聞く子の約束
第16章 冷静な関係
あの晩のでき事から、少し冷静な関係になってしまって、甘えにくい感じがしていた。
僕は4回生になって、就職活動も忙しくなっていたが、キクちゃんに相談しても真面目に答えてくれない。
「本職でしょ。手伝ってよ」
と言っても、
「結局は、自分で決める」
これしか言われなかった。
「そうじゃなくって、OBのいる企業を教えてくれるとか、連絡先を調べてくれるとか」
「他人頼りなの?」
当時の就職活動は売り手市場のおかげで問題はなかったけど、付き合ってる彼女はいつも応援してくれていたのに、キクちゃんは冷めてるなと思い、淋しいと感じていた。でもそんな応援は何の役にも立たず、自分でがんばっている学生を何人も見てきたからこそだったのか。或いは、僕がいつもキクちゃんの言うとおりにしてしまうので、自主的に就職先を選ばせる意図だったのかも知れない。

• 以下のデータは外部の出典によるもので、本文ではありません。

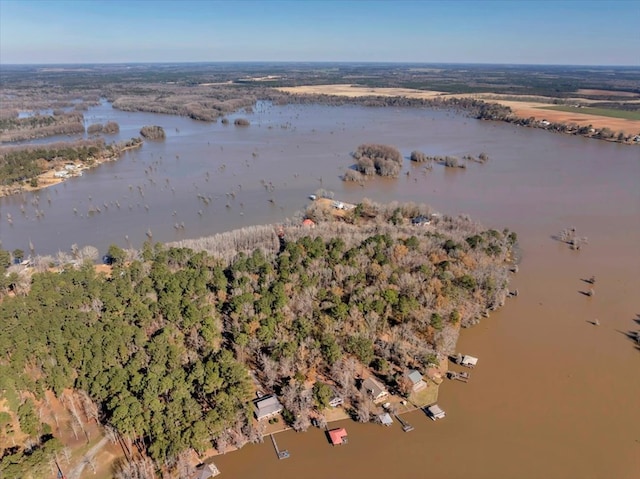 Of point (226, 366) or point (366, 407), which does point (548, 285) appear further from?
point (226, 366)

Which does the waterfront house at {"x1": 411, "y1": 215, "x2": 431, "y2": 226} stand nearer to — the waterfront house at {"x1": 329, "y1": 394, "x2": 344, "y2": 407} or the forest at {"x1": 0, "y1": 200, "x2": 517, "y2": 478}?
the forest at {"x1": 0, "y1": 200, "x2": 517, "y2": 478}

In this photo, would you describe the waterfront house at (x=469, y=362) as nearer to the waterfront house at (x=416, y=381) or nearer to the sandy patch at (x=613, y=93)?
the waterfront house at (x=416, y=381)

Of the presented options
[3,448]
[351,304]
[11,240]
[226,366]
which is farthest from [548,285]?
[11,240]

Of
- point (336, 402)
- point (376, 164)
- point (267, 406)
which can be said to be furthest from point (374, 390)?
point (376, 164)

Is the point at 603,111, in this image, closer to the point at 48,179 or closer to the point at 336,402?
the point at 336,402

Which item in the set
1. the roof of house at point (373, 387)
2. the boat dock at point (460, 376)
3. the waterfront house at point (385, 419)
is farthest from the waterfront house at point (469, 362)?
the waterfront house at point (385, 419) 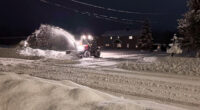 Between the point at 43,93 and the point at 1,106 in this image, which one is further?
the point at 43,93

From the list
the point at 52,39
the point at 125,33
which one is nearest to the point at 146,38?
the point at 125,33

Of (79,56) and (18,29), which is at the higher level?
(18,29)

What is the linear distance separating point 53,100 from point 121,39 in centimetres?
6458

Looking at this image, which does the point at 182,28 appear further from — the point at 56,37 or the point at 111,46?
the point at 111,46

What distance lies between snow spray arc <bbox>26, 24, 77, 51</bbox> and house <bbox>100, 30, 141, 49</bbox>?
4099 cm

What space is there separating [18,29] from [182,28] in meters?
88.5

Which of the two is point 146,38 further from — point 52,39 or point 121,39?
point 52,39

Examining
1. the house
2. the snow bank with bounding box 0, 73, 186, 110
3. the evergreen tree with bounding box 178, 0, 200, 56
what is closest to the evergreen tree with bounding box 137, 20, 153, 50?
the house

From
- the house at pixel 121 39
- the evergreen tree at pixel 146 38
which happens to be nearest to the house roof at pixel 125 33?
the house at pixel 121 39

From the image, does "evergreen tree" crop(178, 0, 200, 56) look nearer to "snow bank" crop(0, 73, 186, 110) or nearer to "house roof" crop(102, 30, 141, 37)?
"snow bank" crop(0, 73, 186, 110)

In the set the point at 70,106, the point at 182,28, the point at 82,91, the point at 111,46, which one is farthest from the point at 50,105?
the point at 111,46

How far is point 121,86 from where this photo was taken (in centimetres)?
716

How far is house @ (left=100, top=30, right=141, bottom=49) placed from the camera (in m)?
64.3

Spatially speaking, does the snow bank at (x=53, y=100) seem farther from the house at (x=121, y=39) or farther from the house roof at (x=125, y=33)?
the house roof at (x=125, y=33) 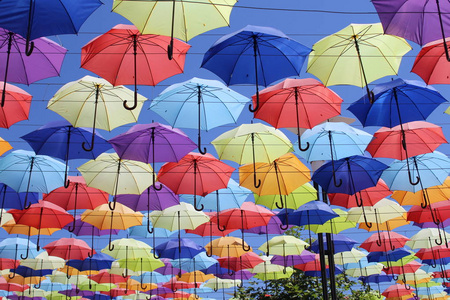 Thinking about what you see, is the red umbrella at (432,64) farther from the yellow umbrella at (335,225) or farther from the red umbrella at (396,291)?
the red umbrella at (396,291)

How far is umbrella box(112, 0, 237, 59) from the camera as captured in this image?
6023 millimetres

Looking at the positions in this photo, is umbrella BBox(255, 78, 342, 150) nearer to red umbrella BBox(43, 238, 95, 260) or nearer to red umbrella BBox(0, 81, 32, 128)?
red umbrella BBox(0, 81, 32, 128)

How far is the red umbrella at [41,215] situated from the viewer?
10836 millimetres

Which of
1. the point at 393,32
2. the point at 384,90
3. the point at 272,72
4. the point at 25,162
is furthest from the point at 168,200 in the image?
the point at 393,32

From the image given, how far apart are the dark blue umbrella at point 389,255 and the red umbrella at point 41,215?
9.02 metres

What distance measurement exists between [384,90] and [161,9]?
145 inches

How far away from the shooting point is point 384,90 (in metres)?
7.46

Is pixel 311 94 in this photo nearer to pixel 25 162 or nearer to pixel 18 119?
pixel 18 119

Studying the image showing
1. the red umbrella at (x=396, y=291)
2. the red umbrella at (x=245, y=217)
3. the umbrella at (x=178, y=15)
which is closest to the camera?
the umbrella at (x=178, y=15)

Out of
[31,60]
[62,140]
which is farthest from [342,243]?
[31,60]

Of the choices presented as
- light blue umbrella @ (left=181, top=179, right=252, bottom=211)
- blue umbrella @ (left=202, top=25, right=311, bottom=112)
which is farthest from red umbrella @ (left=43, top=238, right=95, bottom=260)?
blue umbrella @ (left=202, top=25, right=311, bottom=112)

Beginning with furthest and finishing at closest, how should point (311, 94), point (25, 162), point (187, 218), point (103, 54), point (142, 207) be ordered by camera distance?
point (187, 218)
point (142, 207)
point (25, 162)
point (311, 94)
point (103, 54)

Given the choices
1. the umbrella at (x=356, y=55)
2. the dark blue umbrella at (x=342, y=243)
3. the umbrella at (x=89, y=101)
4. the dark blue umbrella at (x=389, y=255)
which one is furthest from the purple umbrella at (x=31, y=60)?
the dark blue umbrella at (x=389, y=255)

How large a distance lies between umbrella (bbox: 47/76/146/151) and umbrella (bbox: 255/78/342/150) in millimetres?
2068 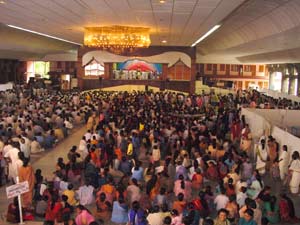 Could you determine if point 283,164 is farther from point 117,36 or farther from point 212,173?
point 117,36

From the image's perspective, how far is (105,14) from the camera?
15070 mm

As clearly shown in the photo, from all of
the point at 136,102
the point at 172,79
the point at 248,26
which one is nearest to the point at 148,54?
the point at 172,79

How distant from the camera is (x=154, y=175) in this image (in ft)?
35.2

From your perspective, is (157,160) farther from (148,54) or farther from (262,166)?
(148,54)

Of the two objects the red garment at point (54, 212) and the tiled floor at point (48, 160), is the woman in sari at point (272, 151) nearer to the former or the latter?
the tiled floor at point (48, 160)

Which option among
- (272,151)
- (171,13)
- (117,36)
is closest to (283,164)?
(272,151)

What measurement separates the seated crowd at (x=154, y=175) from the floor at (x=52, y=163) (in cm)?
27

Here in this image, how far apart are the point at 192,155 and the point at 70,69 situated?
122ft

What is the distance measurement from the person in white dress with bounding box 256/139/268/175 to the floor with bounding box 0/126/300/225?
0.27 m

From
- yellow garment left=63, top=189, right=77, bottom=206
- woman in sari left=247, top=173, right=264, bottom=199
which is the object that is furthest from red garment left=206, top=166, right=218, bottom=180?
yellow garment left=63, top=189, right=77, bottom=206

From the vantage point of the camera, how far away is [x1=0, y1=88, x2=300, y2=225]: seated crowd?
29.6 feet

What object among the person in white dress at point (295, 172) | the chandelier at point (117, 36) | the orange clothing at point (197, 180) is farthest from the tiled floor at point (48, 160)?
the person in white dress at point (295, 172)

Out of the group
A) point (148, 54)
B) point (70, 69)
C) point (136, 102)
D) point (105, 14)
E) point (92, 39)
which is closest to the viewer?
point (105, 14)

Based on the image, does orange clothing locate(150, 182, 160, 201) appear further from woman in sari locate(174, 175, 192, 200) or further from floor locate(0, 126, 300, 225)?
floor locate(0, 126, 300, 225) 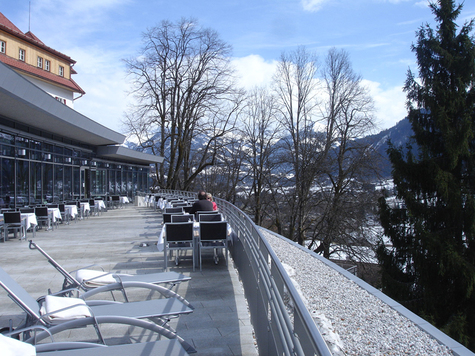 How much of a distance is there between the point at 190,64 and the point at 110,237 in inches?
1072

当時付き合っていた電話オペレーターの茉実が勤める百貨店から内定をもらって、就職活動を終了しようと思っていたのに、茉実とは破局したので、急遽、就職先を銀行に変更した。それにはもしキクちゃんと付き合うことになった場合に、格好が付く職業でないといけないという思いもあった。その就職先にキクちゃんも満足してくれたようだった。
僕は秋の大学祭ではクラブやサークルで、毎年何かには参加していたが、大学時代最後の思い出として、100kmマラソンに挑戦しようと思った。
コースはゴールの大学へ向け、国道を通ってちょうど100km離れたとある駅がスタート地点。その距離をいかほどで走れる(歩ける)か、試したくなっただけだ。他にも友人数名が出場すると話していたので気軽にエントリーしたのに、結局、当日走った友人は一人もいない。
僕は42.195kmまでは走ろうと決めていたので、5時間ほどでフルマラソンの距離は走りきった。しかしその後が地獄で、足が思うように動かなくなり、信号で立ち止まればもう二度と歩き出せないような状態のまま、残り50km程を歩いた。途中で休憩して、応援に来た友人にマッサージしてもらう以外、夜中も孤独に歩き続けた。交際相手の清美に電話して励ましてもらったけど、キクちゃんは電話に出なかった。
(こんな時に遊んでいるな)と思った。